Lori King, center, said Saturday she was “just one part of the machine that was going into unknown territory.”
Drew Maloney

 

She and Fenner had been talking of taking on the Montauk-Block Island challenge periodically over the years — Fenner has been thinking about it since 2008 — but came to talk about a crossing in earnest in January.

"Amanda did everything when it came to the coordination of it . . . while Rondi Davies, did all the tides and current modeling for the swim exploring different directions, different times, when to leave and, actually, leaving from Montauk looked like the better way, but we concluded that swimming from Block to Montauk would be like swimming home. It had meaning for me to do it that way." King said.  Davies has over 10 years of experience working with tides and currents around New York waters and even assisted with navigation via phone the day of the swim.

King, a former LaSalle University breaststroker, was the Old Montauk Athletic Club’s 2014 athlete of the year, largely in recognition of her under-nine-hour Catalina Channel feat — eight hours of which were swum in the dark. She has described the experience of open-water swimming, which she began in 2004, as “spiritual,” and said, “there’s something beautiful about it . . . it makes me stronger in every way.”

“What I love about open water,” she said at The Star on Saturday morning, “is there’s always something new — every swim is different. . . . It’s constantly changing.”

Leading up to the Block Island-Montauk crossing, she had worried chiefly about the water temperature. “I had been in cold water swims, in 63-degree water for eight to nine hours, without a wetsuit. Catalina was like that, Ibiza was like that. But with cold water you never know how your body is going to react. I don’t do well in cold water, I have to get my mind in a place where I know that while I’m uncomfortable I’m okay. I was really concerned about that, but Amanda was confident I could do it. . . . The water temperature fluctuated on the swim. We went six miles out into the ocean, and there were surges of cold water, upwellings in the 63-to-66 range. I thought they would stop, but they didn’t.
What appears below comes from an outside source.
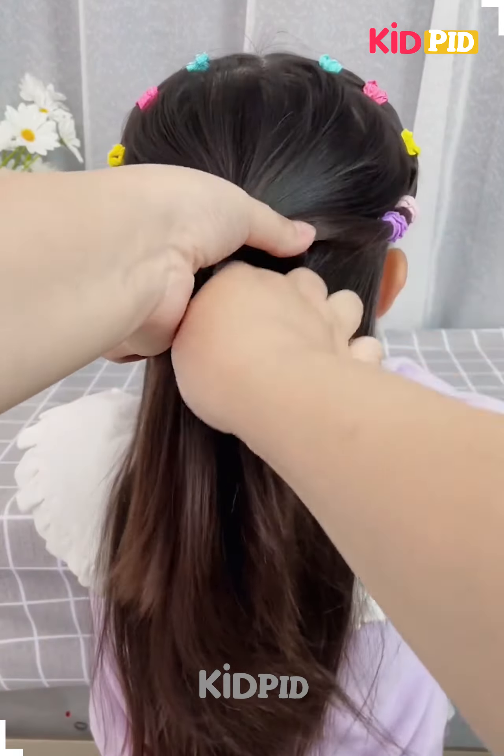Make two ponytails and then begin to braid the ponytail on the left side. Make a braid on the other side as well. Make a gap in the ponytail that is the braid on the left side and pull the right side braid through it. Roll it up and tie it up in place.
So, for about three hours, I was pretty uncomfortable, but I had to mentally tell myself that I was comfortable with being uncomfortable. When I started to cramp, in my hips mainly, Amanda, who was in a kayak with her daughter, Sierra, and was feeding me carbs and electrolytes every half-hour, sent out mustard packets and pickle juice that Janine had brought along to relieve cramps.”

Fenner has described as “a machine.” Her stroke rate was pretty steady throughout the agon, varying from 72 to 76 strokes per minute. King and Fenner would talk every now and then. “Your observers want to know how you feel, they want to know if you’re slurring your speech, if you’re peeing . . .  if your fluids are going out. If not, things can get very bad very fast. You can go from being fine to going under.”
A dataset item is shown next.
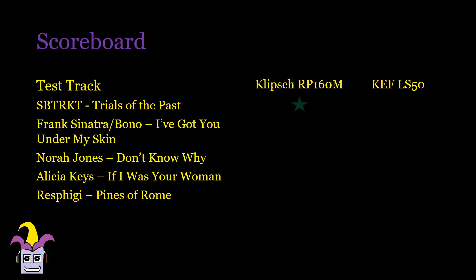Moving on to the test tracks. For Trials of the Pass by Subtract, the Klipsch almost made the third note perfectly — it just lost a little bit of SPL. The bass was really nice and tight just the way I like it, but the vocals were also a bit forward and there was a slightly longer decay in the echoes. For I've Got You Under My Skin by Frank Sinatra in a duet with Bono, the Klipsch had a nice deep 3D soundstage but the vocals had a bit more reverb in them.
The rules in such swims, King said, limit the swimmer to a swimsuit, cap, and goggles. “No wetsuit, no device that helps with buoyancy, no device that retains heat. You can’t be touched, nor can you touch a boat, or hang on, or anything like that. . . .”

“I wasn’t going to give up,” King said. “When you see everyone who has worked so hard so you can get there, you just can’t.”